Pero para entender la foto, es necesario ver la película. Más allá de la diferencia que existió durante ese trimestre en particular respecto al porcentaje de participación de trabajadores y empresarios, basta con ver cuanto fueron cediendo los primeros en beneficio de los segundos desde 2016 a esta parte.

Se trata de uno de los reclamos más recurrentes de la vicepresidenta Cristina Fernández de Kirchner, quien en sus apariciones siempre encuentra un momento para recordar que durante su gobierno los trabajadores se llevaban más de la mitad de la generación de la riqueza.

El tercer trimestre de 2016, los trabajadores tenían una participación del 51,2% en el valor de producción, que arrastraban del último gobierno de Kirchner. Ya para el mismo período de 2019, ese porcentaje bajó al 45,7%. Pero lejos de recomponerse, ese número llegó en el tercer trimestre de 2021 al 43,8%, y ahora al 43,6%.

Hay cantidad, falta calidad: trabajadores volvieron a perder en la distribución de ingresos

Parte de este fenómeno puede explicarse a partir de la pérdida de poder adquisitivo del salario formal, pero en gran medida por el avance del trabajo precario, ratificado por este último informe.

Los datos generales exponen un crecimiento del 5,8% de empleo en relación al tercer trimestre del año pasado.

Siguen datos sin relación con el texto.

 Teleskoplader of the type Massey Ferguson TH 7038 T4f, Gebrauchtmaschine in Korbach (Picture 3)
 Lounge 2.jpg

Pero al revisar el detalle, queda de manifiesto que buena parte de esa recuperación tiene que ver con trabajo precario.

Durante el tercer trimestre el sector que sumó mayor cantidad de puestos de trabajo en el mercado fue el no registrado, que creció un 13% en la comparación interanual. Por su parte, los registrados lo hicieron apenas un 3,5%.

En total se contabilizaron casi 21.500.000 trabajadores. Entre los cuales aparecen 10.939.000 de asalariados registrados, 5.270.000 de asalariados no registrados y 5.290.000 no asalariados (independientes y autónomos).

Los datos del Indec ratifican que buena parte del crecimiento que se ve en los datos macroeconómicos no llega a reflejarse en el día a día y se da en paralelo a la expansión del trabajo precario y la pérdida del poder adquisitivo.